[INPUT DATA]
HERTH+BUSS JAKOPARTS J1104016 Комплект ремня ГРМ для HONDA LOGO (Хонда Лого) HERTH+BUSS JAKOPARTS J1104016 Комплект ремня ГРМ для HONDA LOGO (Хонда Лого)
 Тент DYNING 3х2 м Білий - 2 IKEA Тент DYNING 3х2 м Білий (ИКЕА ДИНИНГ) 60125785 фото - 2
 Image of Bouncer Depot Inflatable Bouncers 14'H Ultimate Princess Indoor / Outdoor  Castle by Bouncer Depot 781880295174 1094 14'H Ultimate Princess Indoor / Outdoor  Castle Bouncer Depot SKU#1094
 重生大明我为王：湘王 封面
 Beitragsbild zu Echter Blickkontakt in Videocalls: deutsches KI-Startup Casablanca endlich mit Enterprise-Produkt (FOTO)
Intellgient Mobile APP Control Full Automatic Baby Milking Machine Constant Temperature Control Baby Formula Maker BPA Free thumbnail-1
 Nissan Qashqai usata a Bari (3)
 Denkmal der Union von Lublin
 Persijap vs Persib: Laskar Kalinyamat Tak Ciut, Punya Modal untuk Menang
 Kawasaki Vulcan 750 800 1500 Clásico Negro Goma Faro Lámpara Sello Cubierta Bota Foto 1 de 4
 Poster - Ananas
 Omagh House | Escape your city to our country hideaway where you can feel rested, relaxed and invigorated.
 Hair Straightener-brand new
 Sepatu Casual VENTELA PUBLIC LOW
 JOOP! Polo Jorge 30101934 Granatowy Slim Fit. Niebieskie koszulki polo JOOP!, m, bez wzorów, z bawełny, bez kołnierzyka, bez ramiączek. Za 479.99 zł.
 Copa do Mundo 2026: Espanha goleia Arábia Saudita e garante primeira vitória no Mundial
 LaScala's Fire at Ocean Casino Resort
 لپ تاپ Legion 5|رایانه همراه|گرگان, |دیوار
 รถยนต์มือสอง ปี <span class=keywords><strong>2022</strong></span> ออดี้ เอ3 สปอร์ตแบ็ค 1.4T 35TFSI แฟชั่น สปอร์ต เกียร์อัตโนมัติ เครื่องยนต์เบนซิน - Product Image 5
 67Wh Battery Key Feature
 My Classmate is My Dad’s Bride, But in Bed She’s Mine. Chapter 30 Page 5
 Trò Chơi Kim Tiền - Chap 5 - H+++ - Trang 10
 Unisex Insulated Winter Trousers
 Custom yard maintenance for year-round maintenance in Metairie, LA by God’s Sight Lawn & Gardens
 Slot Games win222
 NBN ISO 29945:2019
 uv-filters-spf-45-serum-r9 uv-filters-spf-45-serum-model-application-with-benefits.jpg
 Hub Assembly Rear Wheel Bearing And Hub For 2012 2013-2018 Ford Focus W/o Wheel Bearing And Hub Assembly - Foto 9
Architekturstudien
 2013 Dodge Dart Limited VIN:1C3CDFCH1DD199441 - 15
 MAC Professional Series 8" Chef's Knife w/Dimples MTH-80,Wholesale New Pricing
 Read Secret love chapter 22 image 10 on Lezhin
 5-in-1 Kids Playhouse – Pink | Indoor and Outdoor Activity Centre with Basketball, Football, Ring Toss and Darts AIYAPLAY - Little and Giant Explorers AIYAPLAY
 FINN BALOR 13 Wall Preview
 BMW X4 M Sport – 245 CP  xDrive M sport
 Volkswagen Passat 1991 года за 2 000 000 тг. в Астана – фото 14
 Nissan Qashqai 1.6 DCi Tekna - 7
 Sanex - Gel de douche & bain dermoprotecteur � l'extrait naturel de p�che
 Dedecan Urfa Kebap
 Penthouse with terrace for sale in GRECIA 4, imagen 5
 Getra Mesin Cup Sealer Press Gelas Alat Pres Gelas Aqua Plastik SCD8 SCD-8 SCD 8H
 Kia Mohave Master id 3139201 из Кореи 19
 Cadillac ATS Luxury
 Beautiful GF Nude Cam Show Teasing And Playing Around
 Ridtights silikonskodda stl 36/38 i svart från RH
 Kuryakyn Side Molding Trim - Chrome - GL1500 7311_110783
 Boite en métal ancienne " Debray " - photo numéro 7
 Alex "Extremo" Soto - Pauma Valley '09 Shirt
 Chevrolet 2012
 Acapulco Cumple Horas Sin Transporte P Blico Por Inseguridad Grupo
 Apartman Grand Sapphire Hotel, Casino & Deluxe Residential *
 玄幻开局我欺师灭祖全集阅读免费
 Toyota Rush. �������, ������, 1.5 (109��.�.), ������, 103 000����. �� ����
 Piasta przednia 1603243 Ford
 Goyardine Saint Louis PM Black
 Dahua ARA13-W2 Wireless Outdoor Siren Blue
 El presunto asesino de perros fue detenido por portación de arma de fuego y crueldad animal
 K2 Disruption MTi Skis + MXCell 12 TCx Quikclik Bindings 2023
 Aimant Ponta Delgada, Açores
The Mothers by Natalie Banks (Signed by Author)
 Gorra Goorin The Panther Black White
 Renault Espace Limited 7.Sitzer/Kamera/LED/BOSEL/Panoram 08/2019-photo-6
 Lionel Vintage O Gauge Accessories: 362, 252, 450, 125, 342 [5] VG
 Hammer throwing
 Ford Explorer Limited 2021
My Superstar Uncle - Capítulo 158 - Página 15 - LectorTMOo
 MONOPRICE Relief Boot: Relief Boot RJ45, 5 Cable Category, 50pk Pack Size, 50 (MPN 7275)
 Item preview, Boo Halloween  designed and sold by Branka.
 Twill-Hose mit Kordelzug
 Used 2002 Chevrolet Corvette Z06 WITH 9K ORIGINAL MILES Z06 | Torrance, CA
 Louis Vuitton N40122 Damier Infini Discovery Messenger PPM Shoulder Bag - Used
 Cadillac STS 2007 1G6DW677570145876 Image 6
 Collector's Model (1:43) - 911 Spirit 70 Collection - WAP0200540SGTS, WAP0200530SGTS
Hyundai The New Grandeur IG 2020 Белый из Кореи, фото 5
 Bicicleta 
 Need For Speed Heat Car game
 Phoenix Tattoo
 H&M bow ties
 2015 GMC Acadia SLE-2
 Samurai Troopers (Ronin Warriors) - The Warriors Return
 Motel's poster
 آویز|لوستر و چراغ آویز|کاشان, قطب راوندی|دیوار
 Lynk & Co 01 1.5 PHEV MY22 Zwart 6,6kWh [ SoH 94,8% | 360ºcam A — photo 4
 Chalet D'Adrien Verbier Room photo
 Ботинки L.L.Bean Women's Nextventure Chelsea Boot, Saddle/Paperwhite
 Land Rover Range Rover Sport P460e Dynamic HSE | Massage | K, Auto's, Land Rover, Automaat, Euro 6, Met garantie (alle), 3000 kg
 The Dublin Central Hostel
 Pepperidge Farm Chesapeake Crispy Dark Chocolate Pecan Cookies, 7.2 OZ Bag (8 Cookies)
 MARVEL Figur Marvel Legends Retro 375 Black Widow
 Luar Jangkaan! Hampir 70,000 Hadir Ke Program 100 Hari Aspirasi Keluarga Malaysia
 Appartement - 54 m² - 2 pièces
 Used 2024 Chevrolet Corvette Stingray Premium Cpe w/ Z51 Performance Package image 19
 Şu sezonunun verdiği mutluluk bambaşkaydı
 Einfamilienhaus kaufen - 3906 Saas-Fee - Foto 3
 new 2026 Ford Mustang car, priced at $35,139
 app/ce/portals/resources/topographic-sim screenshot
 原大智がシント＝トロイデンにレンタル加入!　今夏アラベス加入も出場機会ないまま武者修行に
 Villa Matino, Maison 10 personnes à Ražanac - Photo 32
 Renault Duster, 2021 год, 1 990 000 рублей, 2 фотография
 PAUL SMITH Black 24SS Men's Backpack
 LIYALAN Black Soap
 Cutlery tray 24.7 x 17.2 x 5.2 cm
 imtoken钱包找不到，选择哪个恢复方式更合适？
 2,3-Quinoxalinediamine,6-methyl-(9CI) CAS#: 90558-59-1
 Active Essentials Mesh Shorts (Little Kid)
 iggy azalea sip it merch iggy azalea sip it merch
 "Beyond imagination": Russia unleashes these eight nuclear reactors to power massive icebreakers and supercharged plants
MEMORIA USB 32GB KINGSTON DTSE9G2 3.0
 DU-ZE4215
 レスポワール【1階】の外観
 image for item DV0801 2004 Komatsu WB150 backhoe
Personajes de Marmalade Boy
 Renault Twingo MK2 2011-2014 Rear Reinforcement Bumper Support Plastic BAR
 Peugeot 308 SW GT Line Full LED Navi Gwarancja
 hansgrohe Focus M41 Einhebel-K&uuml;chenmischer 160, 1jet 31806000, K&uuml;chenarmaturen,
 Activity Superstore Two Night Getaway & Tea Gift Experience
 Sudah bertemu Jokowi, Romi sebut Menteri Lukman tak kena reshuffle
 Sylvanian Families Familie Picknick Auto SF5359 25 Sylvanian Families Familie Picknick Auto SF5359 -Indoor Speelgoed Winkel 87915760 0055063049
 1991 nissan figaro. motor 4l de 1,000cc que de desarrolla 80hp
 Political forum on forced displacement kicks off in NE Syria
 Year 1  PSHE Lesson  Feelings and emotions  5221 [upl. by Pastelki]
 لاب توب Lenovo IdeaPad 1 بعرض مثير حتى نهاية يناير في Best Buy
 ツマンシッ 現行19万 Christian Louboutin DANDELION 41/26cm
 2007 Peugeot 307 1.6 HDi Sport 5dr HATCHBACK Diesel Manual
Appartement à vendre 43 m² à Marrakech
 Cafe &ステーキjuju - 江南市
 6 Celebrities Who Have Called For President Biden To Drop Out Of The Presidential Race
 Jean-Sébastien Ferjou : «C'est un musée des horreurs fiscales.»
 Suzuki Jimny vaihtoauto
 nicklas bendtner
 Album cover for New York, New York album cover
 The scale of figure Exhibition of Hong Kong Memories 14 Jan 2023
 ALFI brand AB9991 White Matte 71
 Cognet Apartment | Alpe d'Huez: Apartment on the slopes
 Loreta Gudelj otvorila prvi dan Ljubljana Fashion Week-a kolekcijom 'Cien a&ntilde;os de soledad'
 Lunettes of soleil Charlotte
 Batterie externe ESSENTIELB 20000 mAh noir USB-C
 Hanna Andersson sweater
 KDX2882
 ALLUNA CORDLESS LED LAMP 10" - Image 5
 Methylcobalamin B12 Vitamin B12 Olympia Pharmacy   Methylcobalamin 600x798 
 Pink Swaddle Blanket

[YOUR TASK] Above are the records; from them, give again exactly the lines from the one containing "app/ce/portals/resources/topographic-sim screenshot" through the one containing "Renault Twingo MK2", both included.

[EXERCISE ANSWER]
 app/ce/portals/resources/topographic-sim screenshot
 原大智がシント＝トロイデンにレンタル加入!　今夏アラベス加入も出場機会ないまま武者修行に
 Villa Matino, Maison 10 personnes à Ražanac - Photo 32
 Renault Duster, 2021 год, 1 990 000 рублей, 2 фотография
 PAUL SMITH Black 24SS Men's Backpack
 LIYALAN Black Soap
 Cutlery tray 24.7 x 17.2 x 5.2 cm
 imtoken钱包找不到，选择哪个恢复方式更合适？
 2,3-Quinoxalinediamine,6-methyl-(9CI) CAS#: 90558-59-1
 Active Essentials Mesh Shorts (Little Kid)
 iggy azalea sip it merch iggy azalea sip it merch
 "Beyond imagination": Russia unleashes these eight nuclear reactors to power massive icebreakers and supercharged plants
MEMORIA USB 32GB KINGSTON DTSE9G2 3.0
 DU-ZE4215
 レスポワール【1階】の外観
 image for item DV0801 2004 Komatsu WB150 backhoe
Personajes de Marmalade Boy
 Renault Twingo MK2 2011-2014 Rear Reinforcement Bumper Support Plastic BAR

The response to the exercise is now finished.